By James Hannaham
367 pp. Back Bay Books. $16.
Why are independent bookshops such an integral part of a thriving community? Because a good independent bookshop promotes books like these.
I was traveling in Oregon last October when I stumbled into the little western flavored town of Jacksonville, not far from the California border. It was a small town, but infinitely charming, with only one main street, California Street, which could have stood in as a location in any number of old Clint Eastwood or John Wayne westerns.
At 157 California Street sits Rebel Heart Books. It’s small, just a single room, so it doesn’t contain as many books as may be found in your average bookshop. The difference is that each book it does contain belongs there, has been specially chosen to take up one of the valued spots on the shelf or the table.
I came away with several books that day, and I still haven’t gotten around to reading them all. But one of the reasons why Rebel Heart Books is my absolute favorite bookshop anywhere is because of how knowledgable the woman at the counter was about all the books. As she was ringing me up, the lady (whose name I have so unfortunately forgotten) made comments on each of them, talking about how excited they (the shop) were to feature this book or that author. She clearly knew something about every book there, had very probably had a hand in selecting them all herself.
That’s something that you just don’t get at Amazon or Barnes and Noble or even a larger bookshop. Sure, many of them have their “Staff Picks” but in Rebel Heart Books, EVERY book was a staff pick. If they weren’t, they wouldn’t have been there.
All of which is my very long way of saying that I have that wonderful little bookshop on California Street in Jacksonville, Oregon, to thank for “Delicious Foods”, a book that was was everything I hoped it would be and more.
Now onto the actual book.
Thanks largely to Jordan Peele, the political horror story has lately seen a revival. See Peele’s “Get Out” for a great example of political horror done right, any of “The Purge” movies for an example of it done poorly.
But oh does James Hannaham’s “Delicious Foods” do it right.

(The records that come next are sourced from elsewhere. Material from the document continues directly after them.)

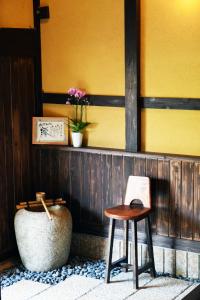 a stool and a vase next to a yellow wall at Guesthouse Mio in Omihachiman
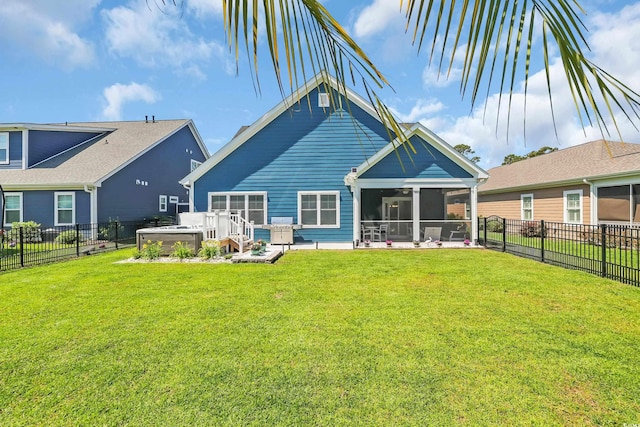 1012 Mary Read Dr, North Myrtle Beach, SC 29582 - rear view of property with a hot tub, a sunroom, and a fenced backyard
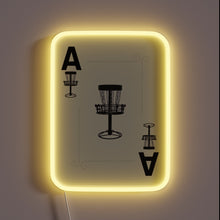 Load image into Gallery viewer, Disc golf-themed poker card night illuminated by colorful neon signage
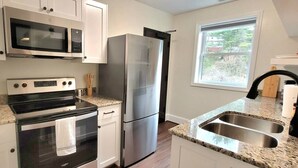 A modern kitchen with stainless steel appliances, a double sink, and a window providing natural light. - The Traveler on Main - Suite #6- Across the Street from Back of the Dragon! (Tazewell)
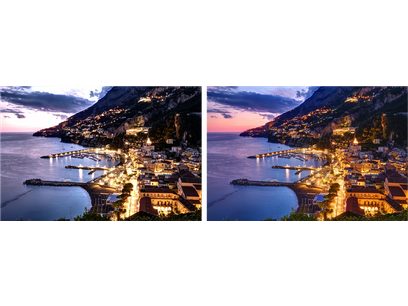 Vue aérienne nocturne d'une ville côtière illuminée, bâtiments denses au bord de l'eau, montagnes rocheuses en arrière-plan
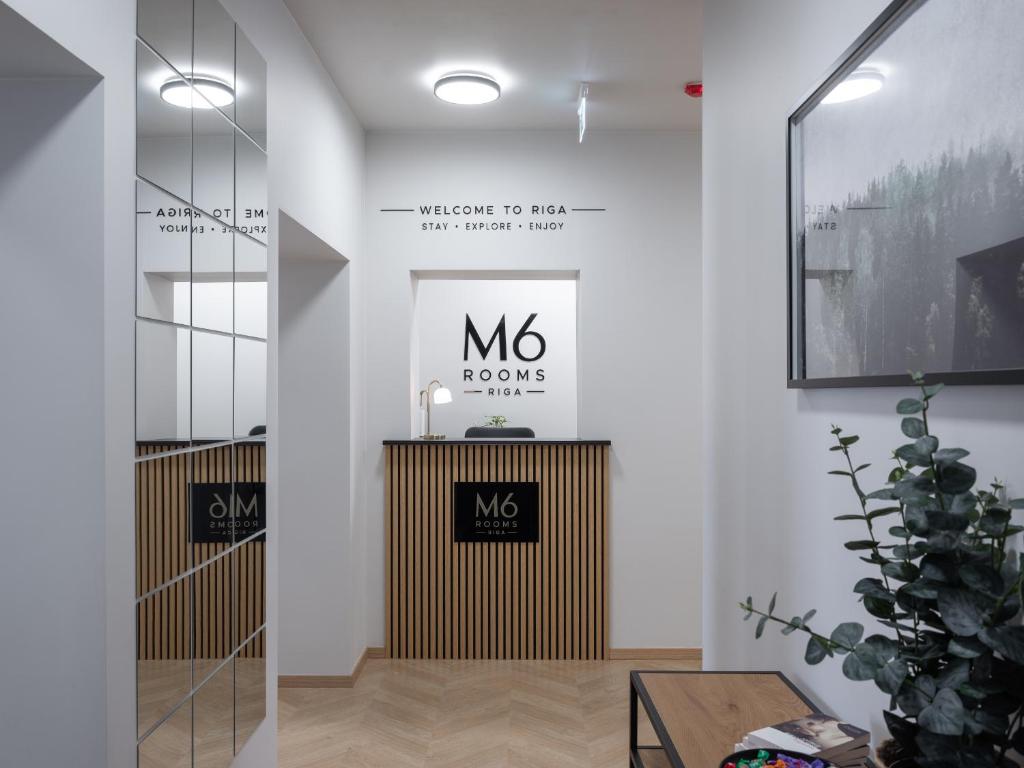 a lobby with a mox house sign on the wall at M6 Rooms Riga in Riga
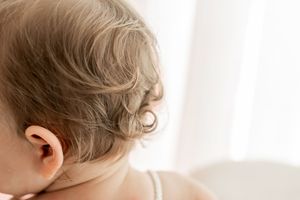 Two young siblings sitting together and looking at each other against a bright white background.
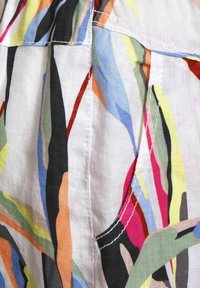 Kangaskudos, jossa on monivärinen abstrakti kuvio, jossa on rohkeat viivat mustana, punaisena, sinisenä, keltaisena ja vihreänä; sisältää taskuyksityiskohtia.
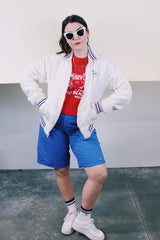 Women's or men's vintage 1960's Holloway "One shell of a jacket!", Made in USA label long sleeve white nylon zip up windbreaker with navy and red striped details.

It does for literary horror what “Get Out” did for cinematic horror. It’s a wonder, honestly, that it hasn’t been adapted for the big screen yet.
Like “Get Out”, “Delicious Foods” is a horror story with comedic elements. Definitely not a comedy with horror elements. It won’t just stay with you long after you’ve put it down, it will haunt you.
There is so much going on here, so much to get into, but at the same time I don’t really want to get into any of it because it is best to go into this blind.
I’ll simply say that our story starts with a getaway. Our protagonist, Eddie, is driving as fast as he can away from “The Farm,” the place he’s just escaped from. His arms end in two bloody stumps because, for reasons we don’t yet understand, both his hands have recently been severed. He steers by sticking his forearms “in two of the wheel’s holes.”
He has no idea where he’s going, he just knows he has to get away.
From the very first page, I was deeply engaged in the story. That doesn’t often happen. It will usually take me several pages, sometimes chapters, to really slip into the mood the author is setting. Not here.
Hannaham is such a talented writer, it’s a wonder he’s not better known. Here he writes convincingly as Eddie (both as a child and as a young man), as Eddie’s mother, and as the drug said mother is hooked on. Yes, one of the three points of view in this story is told from the perspective of CRACK COCAINE. How crazy is that? It’s trippily Pynchon-esque, positively Lynchian, but it’s so much more than just a gimmick.
“Delicious Foods” is the kind of book that demands to be discussed. I can’t remember the last time I read a book and so wished that I was part of a book club that was reading it. The themes here are nowhere near modest:
The legacy of slavery, white supremacy, racial injustice, human trafficking, drug abuse, industrialism, unfettered capitalism, exploitation.
This book tackles all of these issues in 367 pages and tackles them beautifully. In lesser hands, “Delicious Foods” would have been a mess, the perfect example of a novel that tries to overachieve. But “Delicious Foods” DOES achieve, exactly what it sets out to.
This is what great literature is. It shocks you and makes you think about the world you live in and all the wrongs that still need to be righted.
Thanks to Rebel Heart Books and great independent bookshops everywhere for promoting books like these.